It actually works fine (`vidcontrol -i mode` actually gives me several modes and I also could switch to 1024x768 or 800x600), but apparently sc(4) changed the keymap to US (I usually use "DE").

Under VT, I use the ISO-8859-1 charset ("`keymap=de`" in /etc/rc.conf). I have been able to change the keyboard layout to "DE" in syscons(4) and at least now the keyboard is  using QWERTZ instead of QWERTY, but I cannot manage to display the German Umlauts such as äöü and so on. Not that I need Umlauts in a console window of a headless server, but I have to admit that it irritates me, if I press a key and get some meaningless ASCII garbage. It seems syscons(4) is unable to display UTF-8 encoding (at least the Wiki says so here).

Now I wonder, whether I have more than the two options at hand (i) to stay with syscons(4) and have no Umlauts or (ii) change to vt(4) being unable to switch resolutions. As stated above, all I want is text (with a higher resolution), there will not be X on this machine. As I won't be using X, I don't "need" vt(4), unfortunately I do not know how to properly configure syscons(4) so it displays Umlauts properly. Can anyone help?

Or could I use vt(4) and unse the kms-drm package? What I have read, however, it only supports intel/amd/mga chipsets?

Many thanks for your help!

Georg


----------



## T-Daemon (Jul 6, 2022)

You won't get Umlaute in sc(4) (I use myself German keyboard layout). They can be printed only in vt(4).

Maybe the ASpeed supports VBE framebuffer device. Boot the system with `kern.vty=vt` , execute `dmesg | grep 'VT('`. If the printed line looks similar to `VT(vbefb): resolution 1920x1080` then the screen resolution can be set. See `screen.textmode` and `vbe_max_resolution` in loader.conf(5).
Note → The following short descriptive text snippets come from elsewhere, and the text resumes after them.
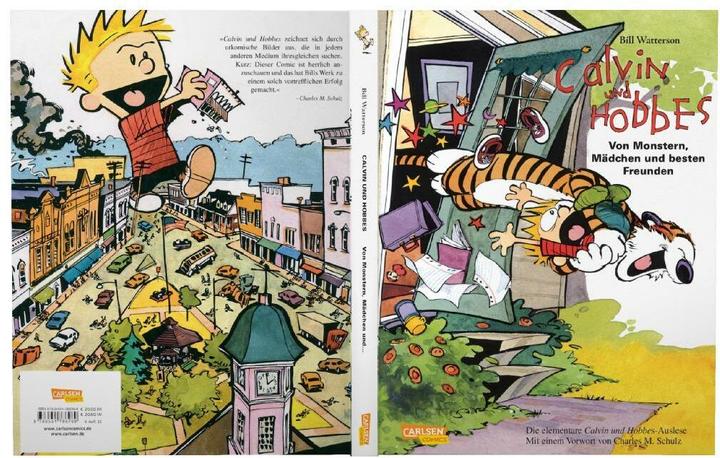 Produktbild Calvin und Hobbes: Sammelband 1 (Deutsch, Bill Watterson, 2009)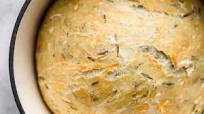 Dutch Oven Bread - No Knead Rosemary Bread Dutch Oven Bread - No Knead Rosemary Bread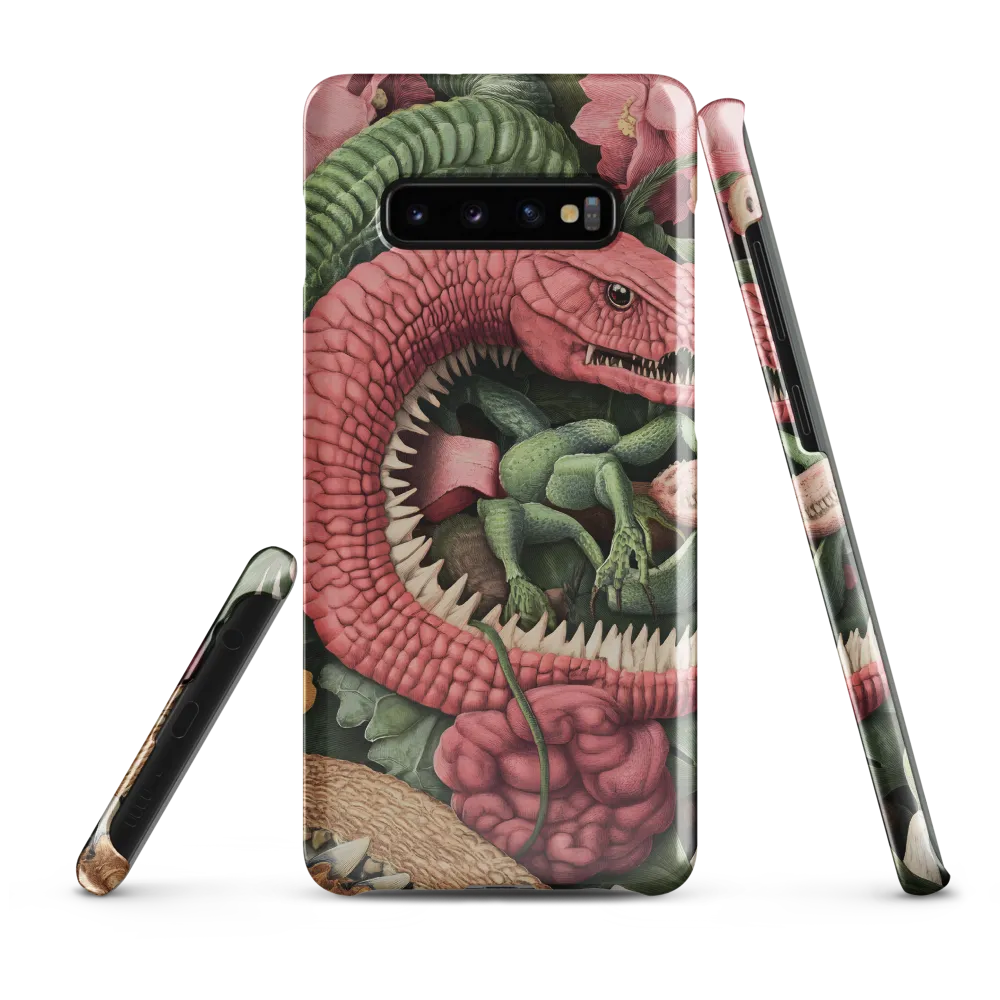 The Dance of Nature | Phone Case |  S10 Plus | Snap Case | Glossy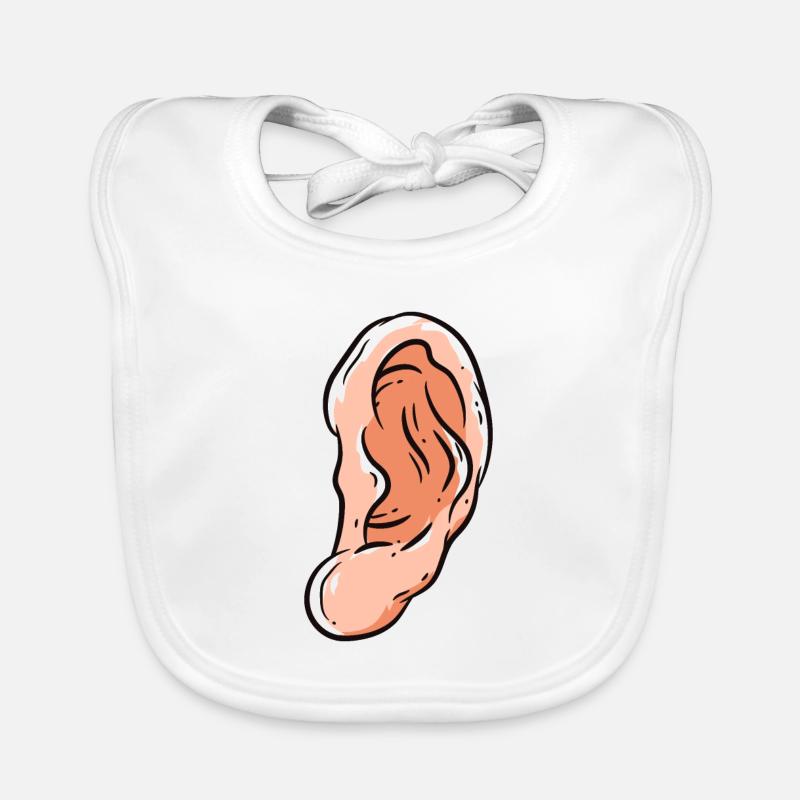 ear Organic Baby Bibs
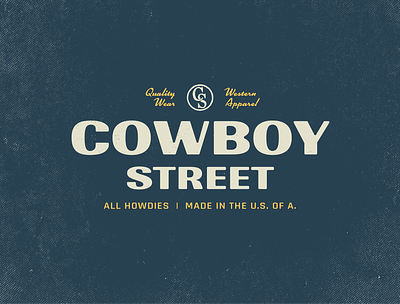 Cowboy Street art branding color design graphic design illustration logo typography vector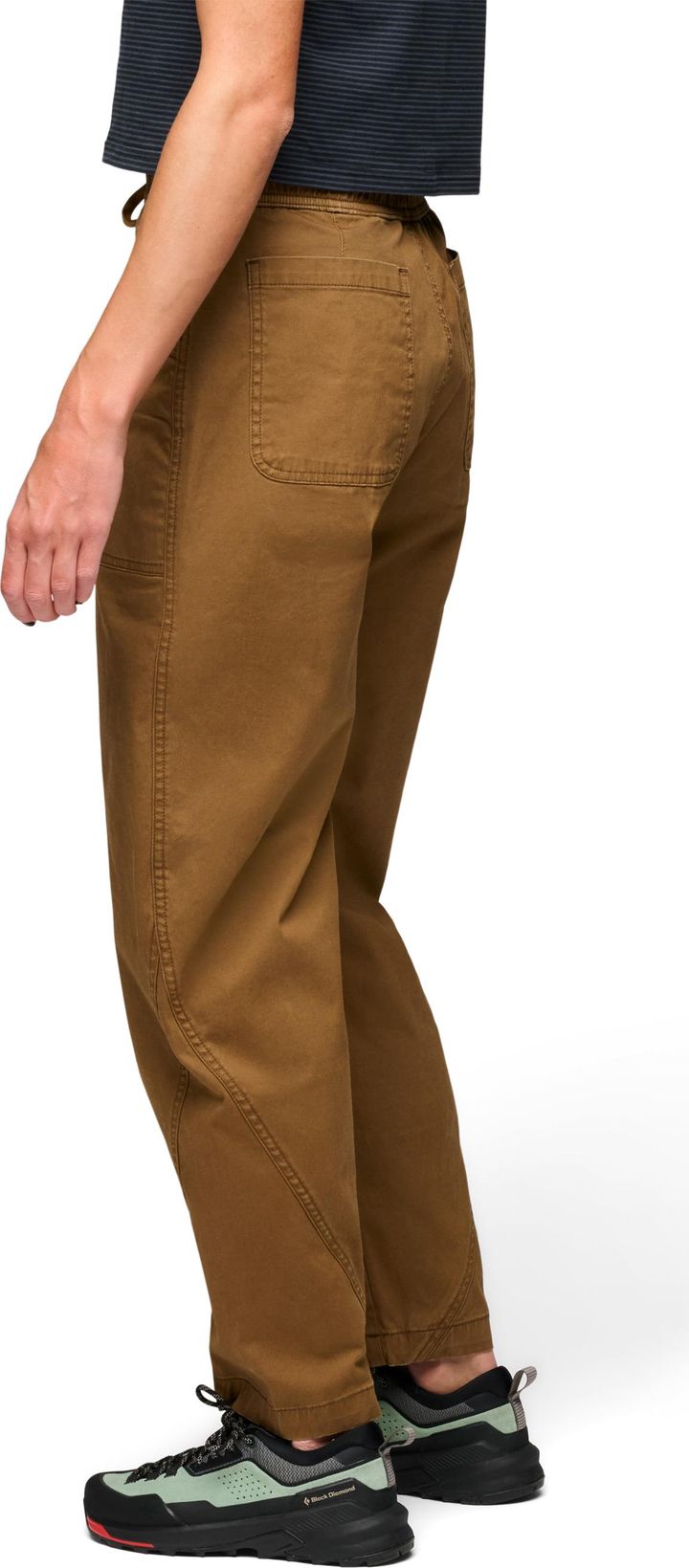 Black Diamond W Motive Pants Aged Iron Black Diamond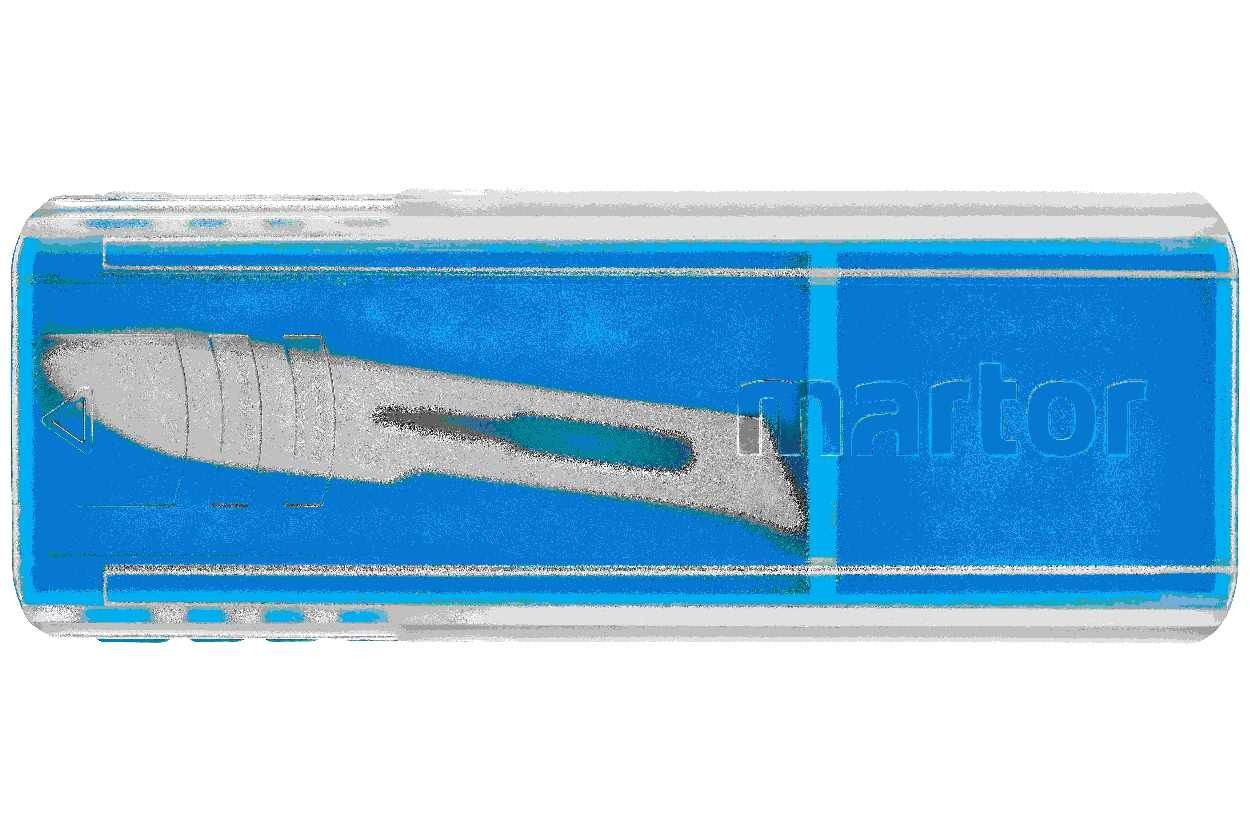 MARTOR Ersatzklinge SKALPELLKLINGE 13 Spezialschliff | 10 Stück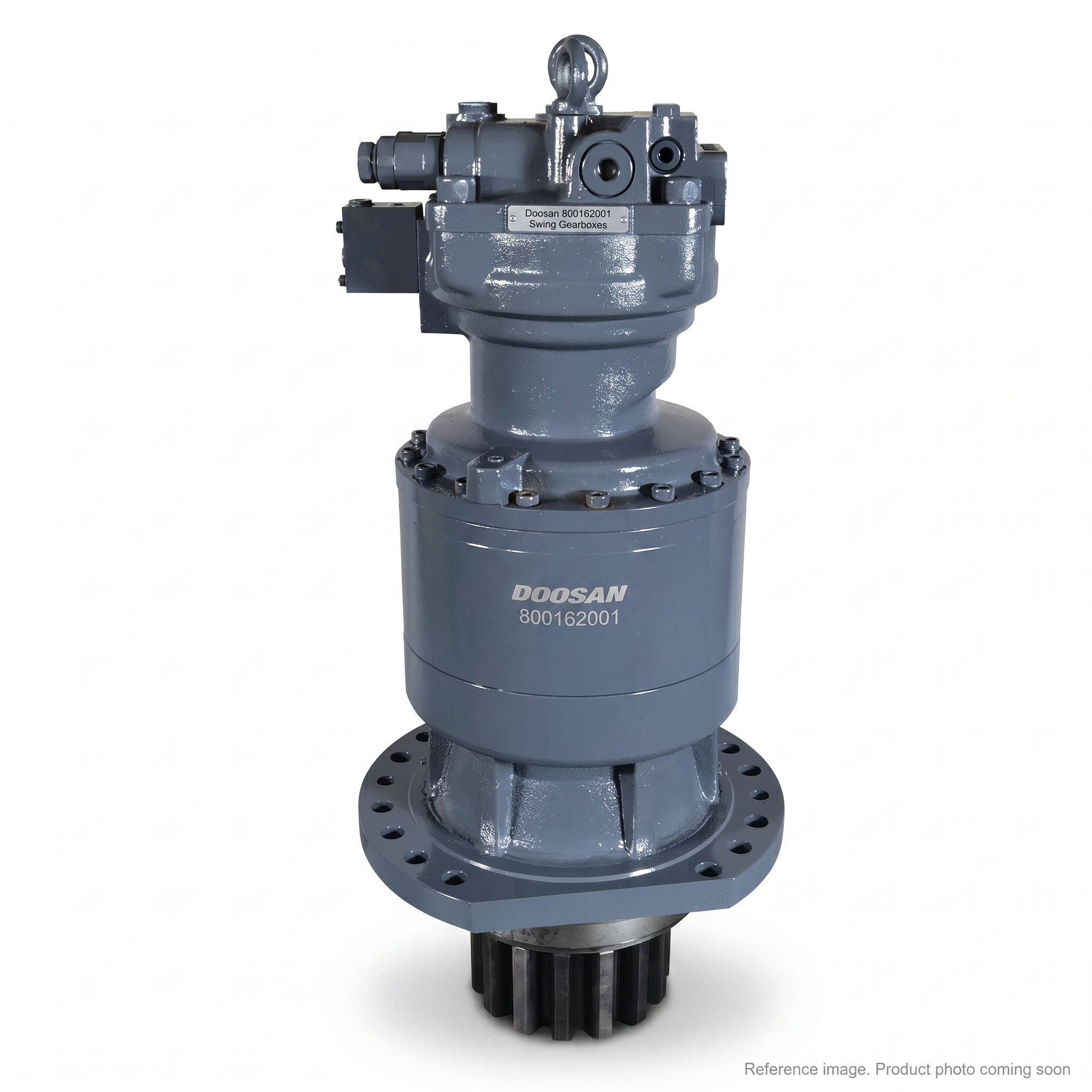 Doosan 800162001 Swing Gearboxes front product photo | stocked in BC, ships Canada-wide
Alternatively check the ASpeed graphics driver VBIOS and for FreeBSD. I suspect the FreeBSD driver is for Xorg, haven't checked it.


----------



## ghuber (Jul 7, 2022)

T-Daemon said:


> You won't get Umlaute in sc(4) (I use myself German keyboard layout). They can be printed only in vt(4).
> 
> Maybe the ASpeed supports VBE framebuffer device. Boot the system with `kern.vty=vt` , execute `dmesg | grep 'VT('`. If the printed line looks similar to `VT(vbefb): resolution 1920x1080` then the screen resolution can be set. See `screen.textmode` and `vbe_max_resolution` in loader.conf(5).
> 
> Alternatively check the ASpeed graphics driver VBIOS and for FreeBSD. I suspect the FreeBSD driver is for Xorg, haven't checked it.


I'll check tonight.

As for the driver, I looked into that but the drivers I find, I believe are X.org drivers only and the UEFI/BIOS packages that the link directs do, look like flash updates. But my understanding could be way off, as I come from the Windows world, where a "driver" resides in an "x64" dirextory and has an *.inf extension .


----------



## Phishfry (Jul 7, 2022)

I have used the Aspeed Xorg driver in ports. Not that it helps your cause.
x11-drivers/xf86-video-ast/


----------